In Sweden and Finland, this issue has been primarily a question of health and medicine. Here in the U.S. it is a political football.
The Corruption of Apology
For Persuasion, Stephanos Bibas writes about how “apology was once a cornerstone of our everyday moral practice, helping us to make amends and reconcile with those whom we have wronged. Its value lay in its sincerity, not in any precise formulation.” However, Bibas writes, “today’s public practice of scripted apologies looks very different. These days, universities and corporations compel robotic confessions from students and employees who give offense just to avoid a lawsuit or bad PR. They want to save their skins by stifling scandal. But Twitter mobs are not sated by performative groveling or even sincere apologies.”

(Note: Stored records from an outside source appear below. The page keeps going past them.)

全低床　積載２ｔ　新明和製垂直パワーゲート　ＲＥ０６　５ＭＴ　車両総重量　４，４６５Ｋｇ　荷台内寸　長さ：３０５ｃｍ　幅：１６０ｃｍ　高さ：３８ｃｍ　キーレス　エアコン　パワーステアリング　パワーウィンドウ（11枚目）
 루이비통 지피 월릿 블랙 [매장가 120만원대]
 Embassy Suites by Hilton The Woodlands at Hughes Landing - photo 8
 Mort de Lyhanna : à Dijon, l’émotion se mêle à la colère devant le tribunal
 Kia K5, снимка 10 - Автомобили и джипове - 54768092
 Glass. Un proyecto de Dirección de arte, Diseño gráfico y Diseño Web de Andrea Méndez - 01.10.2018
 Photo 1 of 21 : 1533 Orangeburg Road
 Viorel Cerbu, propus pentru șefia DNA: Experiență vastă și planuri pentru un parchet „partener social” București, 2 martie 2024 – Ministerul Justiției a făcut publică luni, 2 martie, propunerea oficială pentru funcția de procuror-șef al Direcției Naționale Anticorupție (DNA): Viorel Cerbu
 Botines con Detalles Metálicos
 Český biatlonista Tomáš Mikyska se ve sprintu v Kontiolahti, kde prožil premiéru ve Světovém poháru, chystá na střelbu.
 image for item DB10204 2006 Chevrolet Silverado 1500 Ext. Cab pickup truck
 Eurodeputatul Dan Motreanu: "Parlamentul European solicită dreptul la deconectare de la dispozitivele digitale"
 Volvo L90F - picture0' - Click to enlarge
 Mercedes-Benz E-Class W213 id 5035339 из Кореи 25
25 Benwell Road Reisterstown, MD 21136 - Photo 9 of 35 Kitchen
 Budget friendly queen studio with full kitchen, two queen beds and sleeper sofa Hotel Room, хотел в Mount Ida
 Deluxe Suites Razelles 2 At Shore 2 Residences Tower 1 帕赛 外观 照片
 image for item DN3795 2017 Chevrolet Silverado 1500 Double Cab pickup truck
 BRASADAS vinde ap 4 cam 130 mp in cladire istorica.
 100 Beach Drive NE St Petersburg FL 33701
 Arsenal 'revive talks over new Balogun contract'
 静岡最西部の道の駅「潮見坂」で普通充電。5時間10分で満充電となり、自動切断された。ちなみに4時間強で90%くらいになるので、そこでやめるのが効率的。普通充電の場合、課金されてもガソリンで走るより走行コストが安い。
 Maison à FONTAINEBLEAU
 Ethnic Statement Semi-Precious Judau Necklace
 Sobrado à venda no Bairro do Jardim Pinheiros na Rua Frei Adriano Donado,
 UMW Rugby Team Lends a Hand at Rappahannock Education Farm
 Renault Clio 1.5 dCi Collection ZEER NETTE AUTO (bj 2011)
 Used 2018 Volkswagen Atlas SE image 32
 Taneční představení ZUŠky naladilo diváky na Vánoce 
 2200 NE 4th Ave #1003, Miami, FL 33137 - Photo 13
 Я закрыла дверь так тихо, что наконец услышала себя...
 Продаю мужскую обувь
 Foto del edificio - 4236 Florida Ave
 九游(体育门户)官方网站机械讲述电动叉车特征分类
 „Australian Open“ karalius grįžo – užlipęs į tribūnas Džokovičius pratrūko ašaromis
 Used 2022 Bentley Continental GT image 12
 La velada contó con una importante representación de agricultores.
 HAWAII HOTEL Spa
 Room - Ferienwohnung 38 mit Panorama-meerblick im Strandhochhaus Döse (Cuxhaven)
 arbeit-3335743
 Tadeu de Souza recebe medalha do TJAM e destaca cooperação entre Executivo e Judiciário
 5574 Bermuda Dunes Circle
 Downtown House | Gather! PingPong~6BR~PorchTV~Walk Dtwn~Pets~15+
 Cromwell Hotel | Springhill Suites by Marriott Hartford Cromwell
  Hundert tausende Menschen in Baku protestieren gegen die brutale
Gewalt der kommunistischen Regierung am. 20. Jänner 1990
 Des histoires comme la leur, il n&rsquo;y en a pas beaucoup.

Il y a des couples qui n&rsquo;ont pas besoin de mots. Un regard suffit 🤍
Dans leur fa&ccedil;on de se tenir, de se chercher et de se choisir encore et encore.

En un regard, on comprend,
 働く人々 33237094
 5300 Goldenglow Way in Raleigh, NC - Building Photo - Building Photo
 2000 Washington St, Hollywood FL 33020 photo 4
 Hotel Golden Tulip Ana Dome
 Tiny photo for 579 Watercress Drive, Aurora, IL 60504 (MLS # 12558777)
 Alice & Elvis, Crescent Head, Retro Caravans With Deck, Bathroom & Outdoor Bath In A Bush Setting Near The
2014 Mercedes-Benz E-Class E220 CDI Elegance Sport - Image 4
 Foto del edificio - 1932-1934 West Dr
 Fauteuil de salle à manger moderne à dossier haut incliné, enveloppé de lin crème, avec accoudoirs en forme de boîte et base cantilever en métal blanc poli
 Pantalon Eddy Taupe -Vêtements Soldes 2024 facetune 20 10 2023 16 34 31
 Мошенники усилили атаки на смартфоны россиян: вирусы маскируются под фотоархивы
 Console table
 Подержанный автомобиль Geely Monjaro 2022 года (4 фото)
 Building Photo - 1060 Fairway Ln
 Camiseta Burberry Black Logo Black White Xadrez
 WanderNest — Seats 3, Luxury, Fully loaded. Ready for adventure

We all depend on apologies and forgiveness to go on living with one another. Husbands and wives admit their faults and patch up their differences. Kids on playgrounds say they’re sorry and then get back to recess. Coworkers talk through misunderstandings. As Hannah Arendt argued in The Human Condition, we wrong one another every day, and we learn to forgive constantly so that we can start afresh. The alternative is trapping ourselves in endless cycles of vengeance.